Вопила кучка разъяренных людей, от нее уже и по толпе расходилось рычанье. Тут Ташбулат отдал приказ:
— Эй, понятые! Ведите вора!
Низко опустив красивую голову, ушел Марагим с майдана. Раз только оглянулся, придержал шаг, да не остановился.
Из караулки вывели Самигуллу. Вор шел — в короткой латаной шубейке, белоснежных валяных чулках и белых лаптях, почему-то без шапки, пряди темных курчавых волос падают на лоб, лицо как серый пепел… Руки далеко, локоть к локтю, сведены за спину и скручены арканом. Конец аркана держит человек, который шагает рядом с вором. Ведет, как в базарный день ведут на продажу корову или бычка.
— Вот сюда, на высокое место, перед всем миром поставьте, повелительно бросил Ташбулат, показав на телегу, с одного бока занесенную снегом. Самигуллу подсадили и затолкнули туда. Майдан замолк. И даже снег под ногами перестал скрипеть. Лишь редкие хлопья порхают в воздухе. И будто не на землю, не на толпу, а только на черную, низко склоненную голову пленника падают они. Вот так постоит еще немного и станет совсем седым. Слева от Самигуллы, поодаль, над коньком сельсовета полощется красный флаг. Когда пристально смотришь, флаг подступает ближе, и они оказываются совсем рядом. Человек стоит неподвижно, флаг трепещет, рвется куда-то. И позади обоих — темный грозовой край неба.
— Видал ли кто, слыхал ли кто про такое злодейство? — опять заверещал визгливый старикашка. — Земле позор, роду позор, вере позор! Всех осрамил, подлая душа! — замахал он руками на Самигуллу.
К нему присоединились другие голоса:
— Изо рта младенцев пищу отрывали, по крошке собирали! Где промотал? Отвечай!
— Мы добро наше потом добывали! Поперек горла оно тебе встанет, бесстыжий!
— За наш пот пусть кровью расплатится! Кровью!
Вор медленно поднял голову. Долгим взглядом обвел майдан. Крики опять стали затихать. Самигулла вскинулся. Кашлянул раз, другой.
— Люди, — сказал он тусклым дрожащим голосом, — велика моя вина перед вами. Кровные ваши деньги в моих руках были, из моих рук пропали. Но сам я даже слепой копейкой не разжился.
— Как это — не разжился? Что они, своими ножками ушли, что ли?

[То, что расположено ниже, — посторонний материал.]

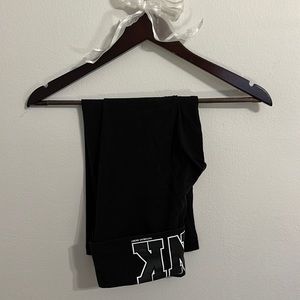 Victoria’s Secret PINK• fold over crop yoga pants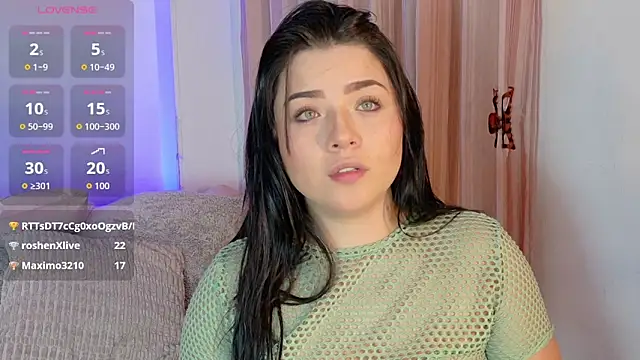 CamilaRougee online show from April 18, 2026, 2:04 am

— Украли. К железному сундуку в канцелярии ключ подобрали и украли.
— Когда украли?
— Точно не знаю.
— Брехня! Врет!
— На том свете оправдаешься!
— А сторож где был?
— Не я украл, да на меня вина. Всю жизнь отрабатывать буду, расплачусь.
— Вшами, что ли, зимогор?
— За всю жизнь стригунка шелудивого не нажил, а тоже — расплачусь!
— Пусть кровью заплатит! — распалялся все тот же, охочий до крови.
Толпа словно взбесилась:
— Своим судом судить! Чтобы другим неповадно было!
— Руки-ноги переломать!
Разъяренные люди, видно, уже черное-белое не различали, размахивая кулаками, палками, дубьем, они ринулись к телеге. И вот тут откуда-то вывернулся Круглый Талип. Он проворно вспрыгнул на телегу.
— Ямагат! — выкрикнул он звонко, на весь майдан. — Я этого человека с рождения знаю. Отца-мать, племя-породу его знаю. Подлости не сделают, чужого не возьмут. Неправое дело творите, аксакалы! Люди! Сто вас человек на одного — безвинного и беззащитного. Если погубите его сто грехов на каждого ляжет, не отмоетесь! О вере подумайте, ямагат! Я его с таких вот пор знаю! Сердцем чую, неповинен он. Не теряйте рассудка, ямагат! Ташбулат! Ты голова. Уйми народ. Пусть не трогают Самигуллу. Два малыша у него, как два яблочка, по избе катаются. Не осироти их, скажи аксакалам, Ташбулат!